In its August 13 editorial, the Philippine Daily Inquirer asked, “When it comes to toll fees, when is an increase ‘reasonable’ and when is it ‘stupefying’”? It argued that the South Luzon Tollway Corp. (SLTC) is entitled to a rate hike considering the “improvements it has done” to the South Luzon Expressway (SLEx).

The newspaper chided critics of the toll hike and reminded them that the cash-strapped government could not subsidize motorists using the expressway. The challenge to the Aquino administration, the editorial pointed out, is to “find that delicate balance” between the need of SLTC to recoup its investments and the need of the public for real relief. It then proposed to remove the 12 percent value added tax (VAT) from the new SLEx toll to “ease the burden on ordinary motorists”.

Still staggering

Removing the VAT, which in the first place should have been excluded from toll rates, will certainly provide immediate relief for some 300,000 motorists that use SLEx every day. Without the VAT, the new rates will go down by P10.2 (for cars and jeepneys) to almost P30.6 (for trailers and large trucks). But does removing the VAT make the SLEx toll hike acceptable and justified? Will the new rates be more reasonable and less stupefying? Taking away the VAT, SLEx toll will increase by 240 to 248 percent, which is still a staggering one-time increase by any standard.

SLTC’s supposed “entitlement” to a rate increase of such magnitude stems from the flawed policy of privatization of infrastructure development, or what President Noynoy Aquino calls Public-Private Partnership (P3). Privatized infrastructure narrowly measures the viability of a project in terms of how much and how fast the contractor will profit from his investment.
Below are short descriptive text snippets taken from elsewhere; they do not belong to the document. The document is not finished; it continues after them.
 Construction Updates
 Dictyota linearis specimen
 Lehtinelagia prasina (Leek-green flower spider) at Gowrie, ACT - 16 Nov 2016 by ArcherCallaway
On the contrary, publicly funded infrastructure measures a project’s success using a broader set of economic and social benefits.

Return on investment

Regulators, in evaluating the toll hike asked by SLTC, simply factored in the doubling of the number of lanes, the installation of TV cameras, and electronic collection system, among other physical improvements in the 27.3-kilometer superhighway. All these reportedly cost SLTC P11.8 billion, which it will recoup through a guaranteed 17 percent return on investment (ROI).
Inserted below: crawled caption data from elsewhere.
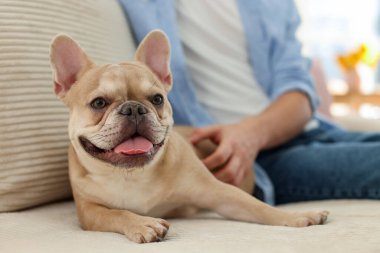 Evdeki kanepede sevimli Fransız buldoguyla oturan adam, yakın plan.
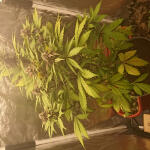 lsd-25-auto-fem-fastbuds.jpg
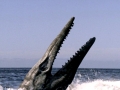 Tylosaurus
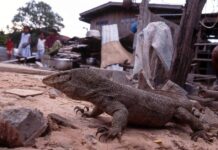 หมู่บ้านตะกวด บ้านตรึม จังหวัดสุรินทร์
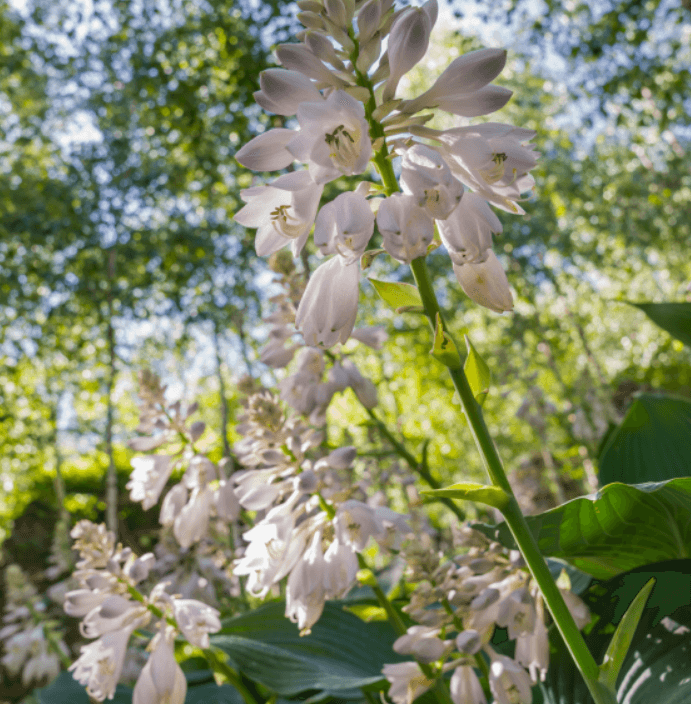 화담숲 입장권 예매 부터 리조트 할인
The guaranteed ROI is contained, according to news reports, in the February 2006 Supplemental Toll Operation Agreement (STOA) between SLTC and the Toll Regulatory Board (TRB). The 30-year STOA allows SLTC, which is 80 percent owned by Malaysia-based MTD Capital Bhd and 20 percent state-owned through the Philippine National Construction Corp. (PNCC), to rehabilitate and operate the SLEx.
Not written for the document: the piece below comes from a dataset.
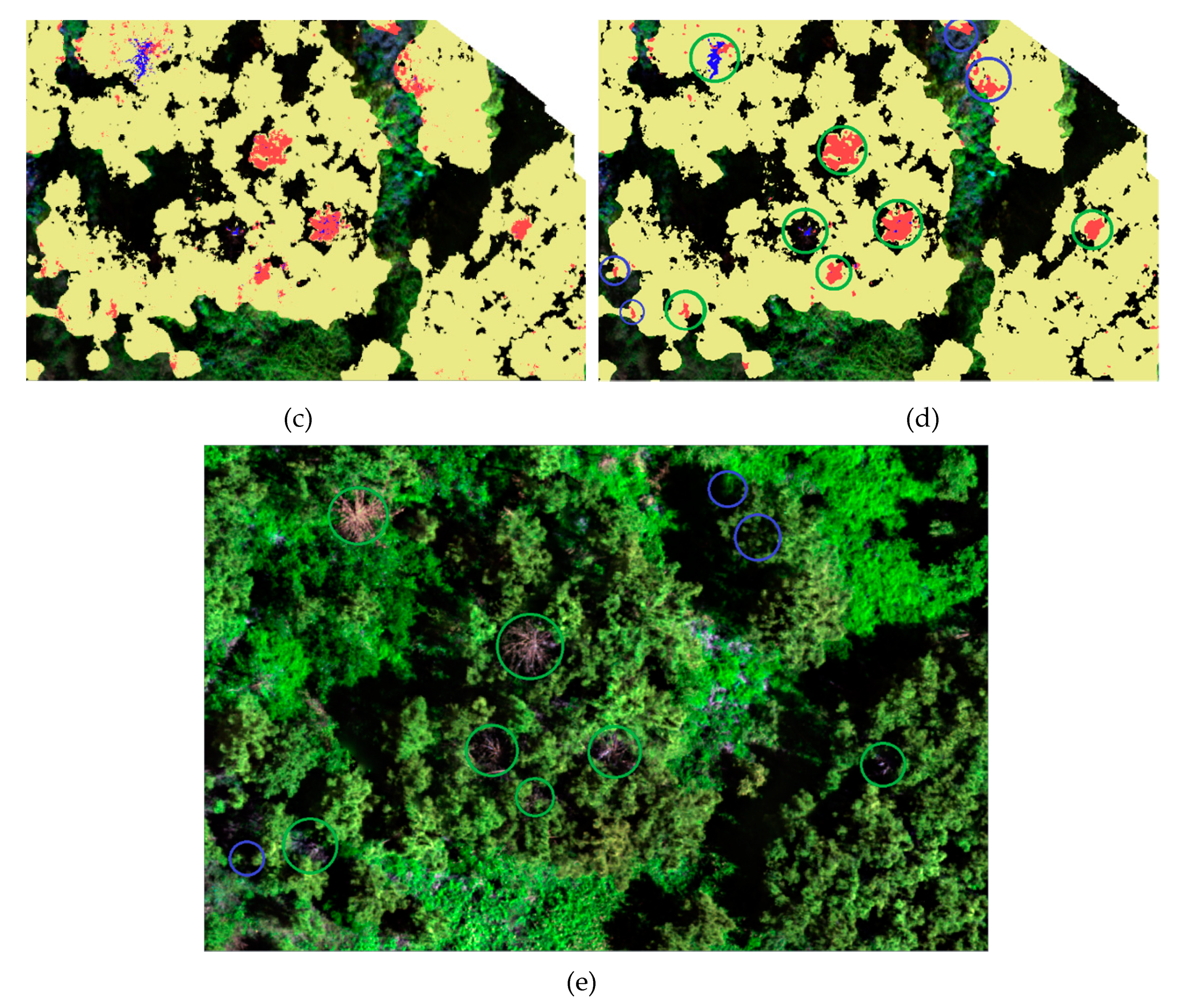 Remotesensing 12 02280 g012b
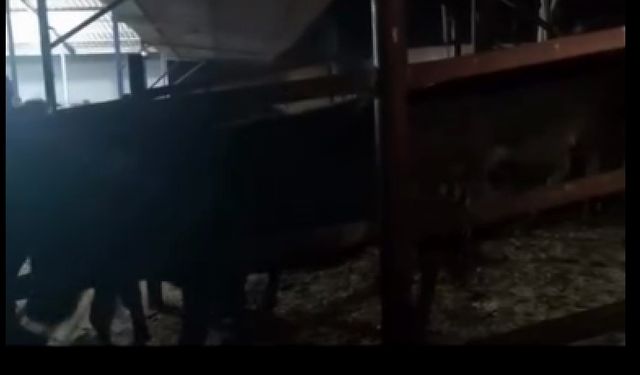 Pasaportsuz hayvan transferi yapanlar cezasız kalmadı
ROI is a popular indicator used to calculate the profitability of an investment. In its broadest sense, it means total gain from investment (X) minus total cost of investment (Y) divided by total cost of investment (Y), thus: ROI = (X – Y) / Y. At an ROI of 17 percent annually and investment of P11.8 billion, the guaranteed profit of SLTC is pegged at not less than P2 billion a year for 30 years.

Guaranteed profits

With the newly approved toll, however, SLTC will apparently profit much more than P2 billion annually. At a traffic volume of 300,000 vehicles a day, SLTC will earn annual gross revenues of P11.79 billion (of which P1.41 billion will go to the VAT). This means that in one or two years, it can easily recoup its P11.8 billion investment and settle its liabilities, and then neatly profit from its monopoly of SLEx until 2036. See the table below.

Of course, the projected P11.78 billion annual revenues will depreciate over time but it is more than compensated by the annual increase in vehicular traffic in SLEx, which some estimates peg at more than 10 percent a year.

The heavy focus on profitability that is inherent in any private enterprise instead of net economic and social gains make infrastructure projects pursued through P3s such as SLEx ultimately anti-development and anti-people, and therefore makes “that delicate balance” the Inquirer editorial is looking for practically impossible.

Zero ROI

On the other hand, a zero ROI is not necessarily bad in the context of core infrastructure like SLEx and other toll roads, MRT and LRT, water distribution, etc. that should be publicly controlled. According to the US Federal Geographic Data Committee (FGDC) in its paper “Economic Justification: Measuring Return on Investment (ROI) and Cost Benefit Analysis (CBA)”, while it takes an ROI ratio greater than zero to be attractive, “A sub-zero ratio may not automatically ‘kill’ a project, because it may result in a required capability that doesn’t currently exist”, said the FGDC. (FGDC is an interagency body that publishes the National Spatial Data Infrastructure.) 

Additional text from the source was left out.